● Exercise directions
Pictures stay out of this copy; please retype only the lines from the start of the records through the line with "I am Rina online".

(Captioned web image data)
--------------------------------------------------
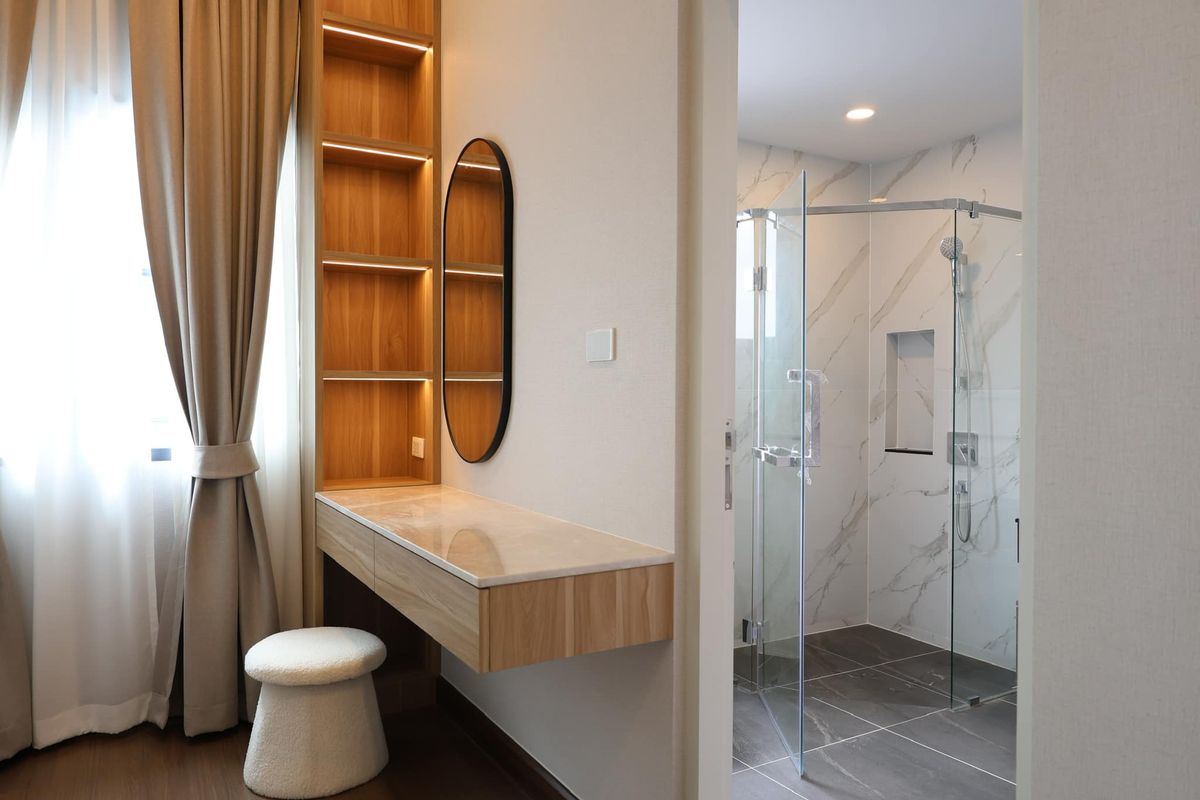 บ้านนวมินทร์ รามอินทรา : ✨ขายด่วน บ้านเดี่ยวหรูติดทางด่วน 4ห้องนอน 1ห้องแม่บ้าน เฟอร์นิเจอร์ตกแต่งครบ เดินทางสะดวก พร้อมเข้าอยู่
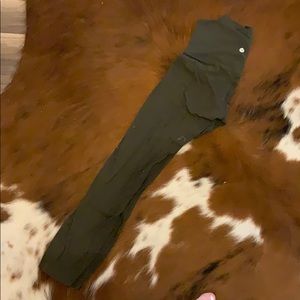 Olive green lululemon wunder under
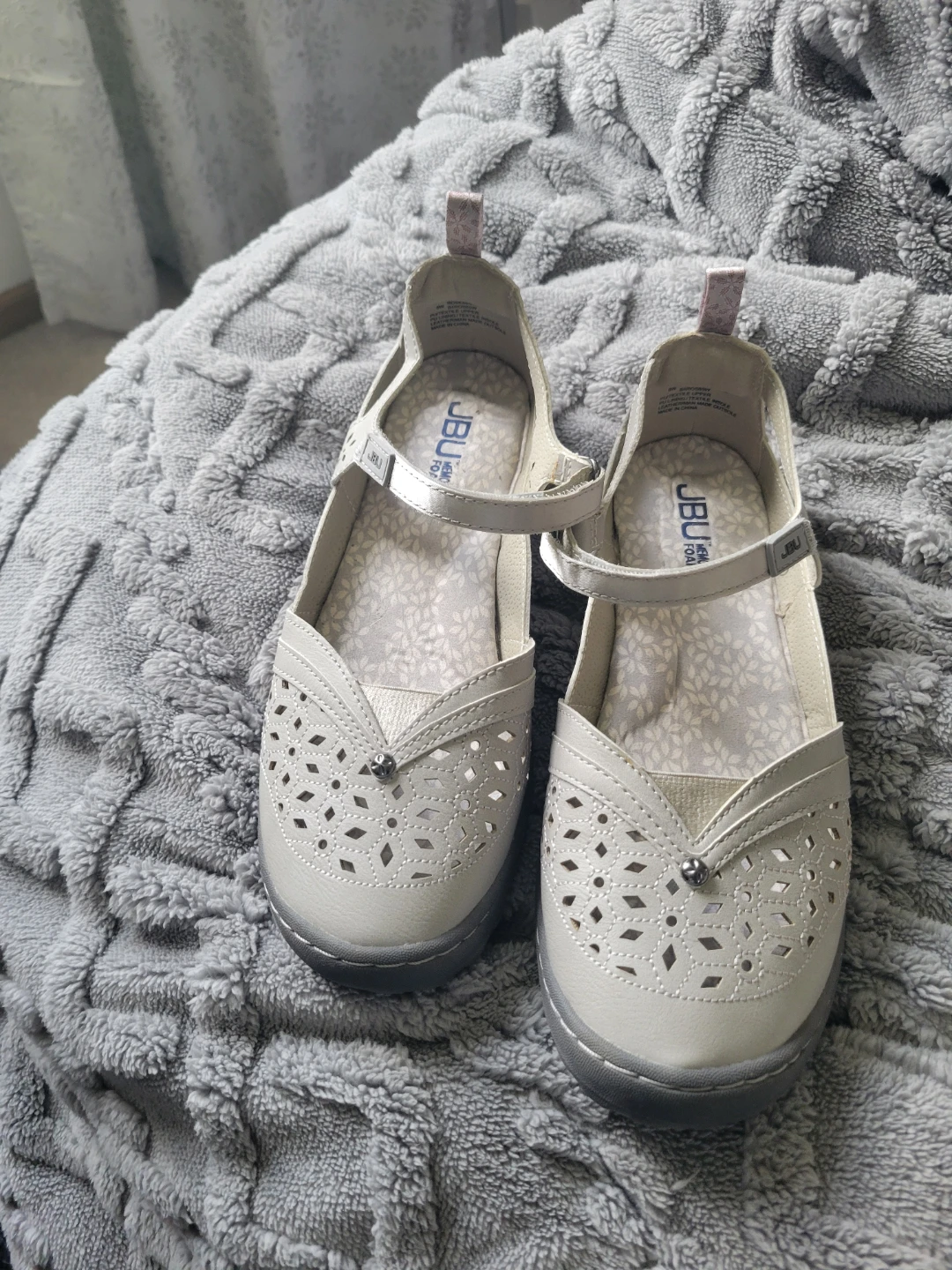 JBU Memory Foam Mary Jane Flats - Size 8.5 - photo 2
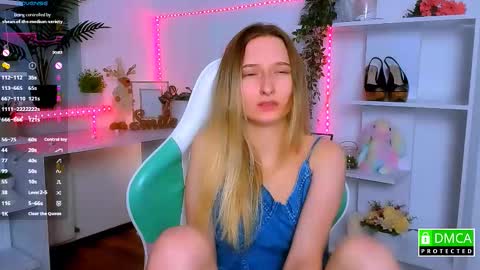 I am Rina online show from November 30, 2025, 6:50 am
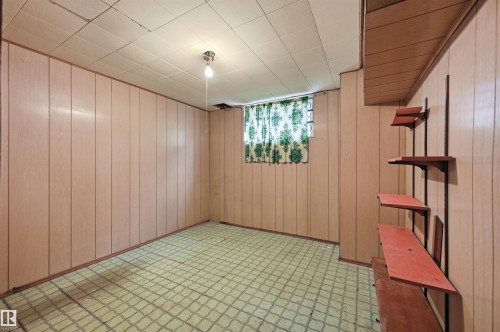 9251 91 Street Nw, Edmonton, AB - Indoor Photo Showing Other Room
--------------------------------------------------
● Solution
 บ้านนวมินทร์ รามอินทรา : ✨ขายด่วน บ้านเดี่ยวหรูติดทางด่วน 4ห้องนอน 1ห้องแม่บ้าน เฟอร์นิเจอร์ตกแต่งครบ เดินทางสะดวก พร้อมเข้าอยู่
 Olive green lululemon wunder under
 JBU Memory Foam Mary Jane Flats - Size 8.5 - photo 2
 I am Rina online show from November 30, 2025, 6:50 am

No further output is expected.